▸ **Assigned task**: Taking the entries below, transcribe only the lines starting with the one with "Sexy cartoon girls" and going on through the one with "Juvale Flip Flop", exactly as written, without the pictures.

Segment Open

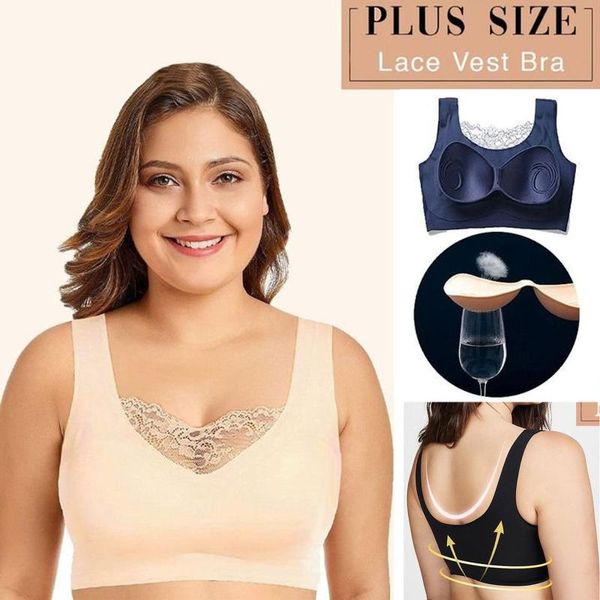 bras plus size 2021 women's bra seamless underwear lace mesh wireless breathable wild tube lingerie push up bralette, Red;black
bras plus size 2021 women's bra seamless underwear lace mesh wireless breathable wild tube lingerie push up bralette, Red;black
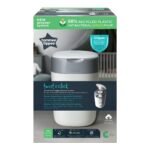 سلة حفاضات Tommee Tippee Twist and Click Advanced، نظام صديق للبيئة، تتضمن 1 × علبة إعادة تعبئة مع GREENFILM مضاد للبكتيريا من مصادر مستدامة، أبيض - Image 9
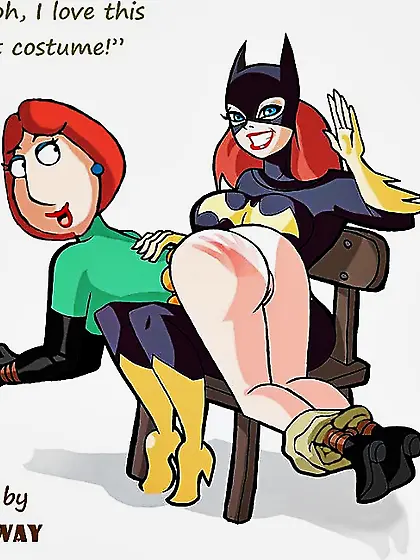 Sexy cartoon girls spanked,  found on the net.
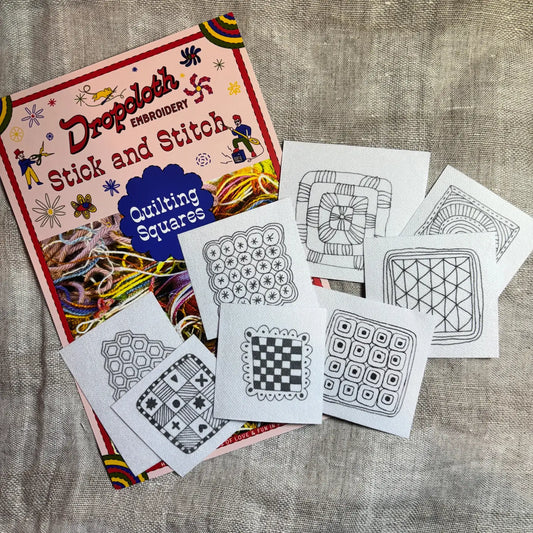 Quilt Squares Stick and Stitch Set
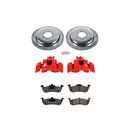 PowerStop Z36 Truck and SUV Ceramic Brake Pad, Drilled & Slotted Rotor, and Cali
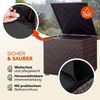 CASARIA® Polyrattan Auflagenbox Kissenbox Gartentruhe 318 L Braun Bild 4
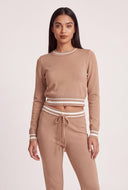 Contrast Crop Sweater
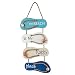 Juvale Flip Flop Wall Ornament, Slippers Hanging Decoration with Beach Design, Ocean Decorfor Living Room, Bedroom, and Dining Room, 8.75 x 3.75 Inches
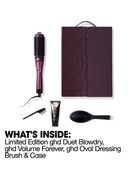 ghd Duet Blowdry Hair Dryer Brush Festive Gift Set In Cherry Chic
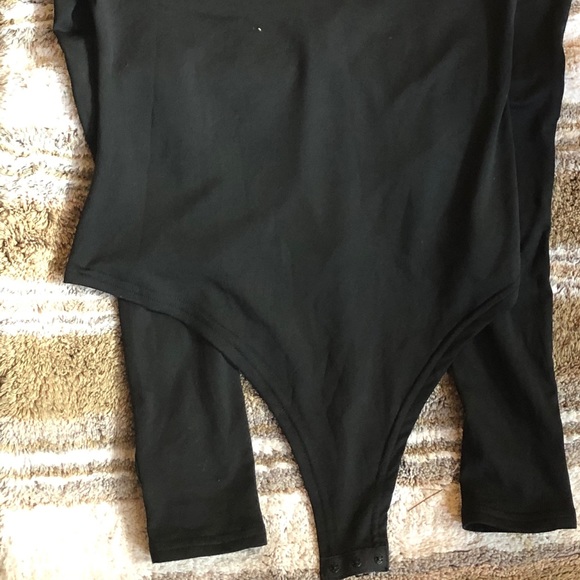 Women Long Sleeve Turtleneck Jumpsuit Bodysuit - Picture 5 of 6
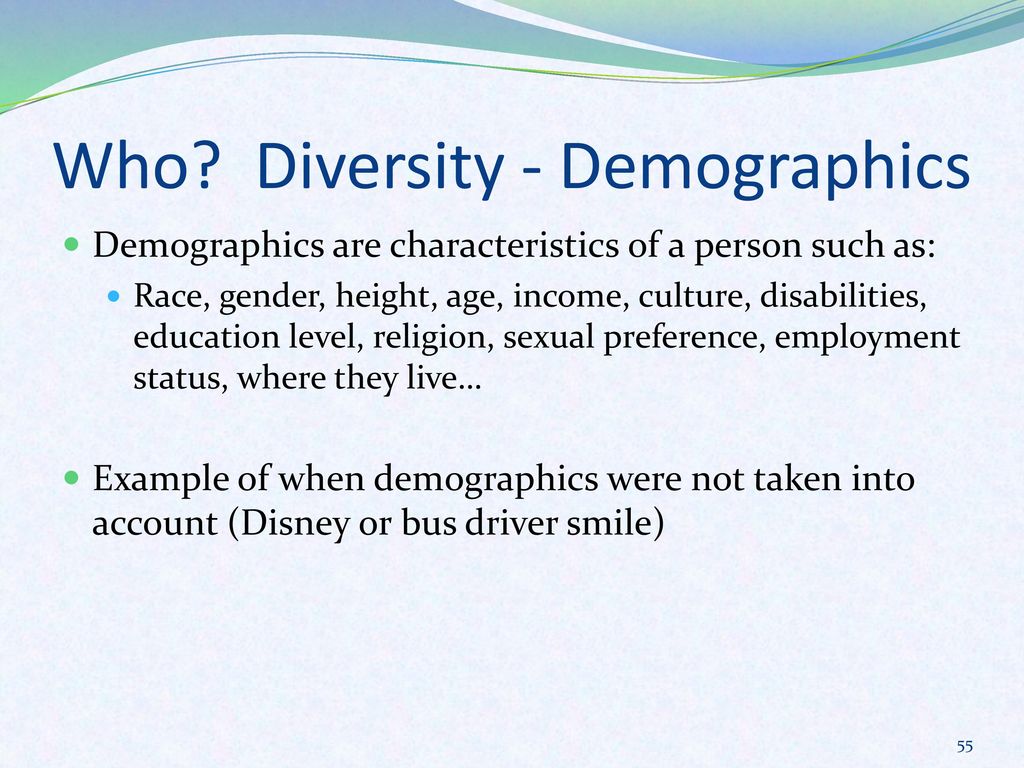 The Demographic Variables That Affect a Business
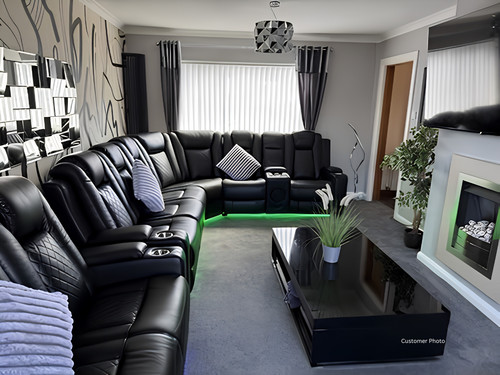 Black leather electric - black,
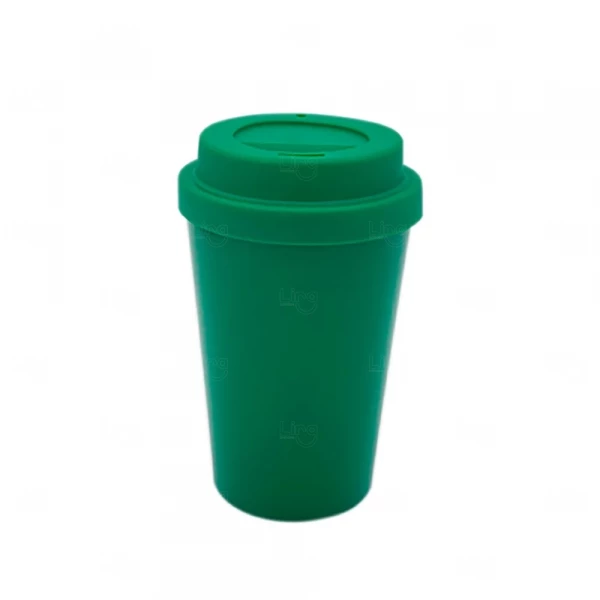 Copo com Tampa Reutilizável Personalizado - 400ml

Segment Closed

▸ **Answer to this task**:
 Sexy cartoon girls spanked,  found on the net.
 Quilt Squares Stick and Stitch Set
 PowerStop Z36 Truck and SUV Ceramic Brake Pad, Drilled & Slotted Rotor, and Cali
 CASARIA® Polyrattan Auflagenbox Kissenbox Gartentruhe 318 L Braun Bild 4
 Contrast Crop Sweater
 Juvale Flip Flop Wall Ornament, Slippers Hanging Decoration with Beach Design, Ocean Decorfor Living Room, Bedroom, and Dining Room, 8.75 x 3.75 Inches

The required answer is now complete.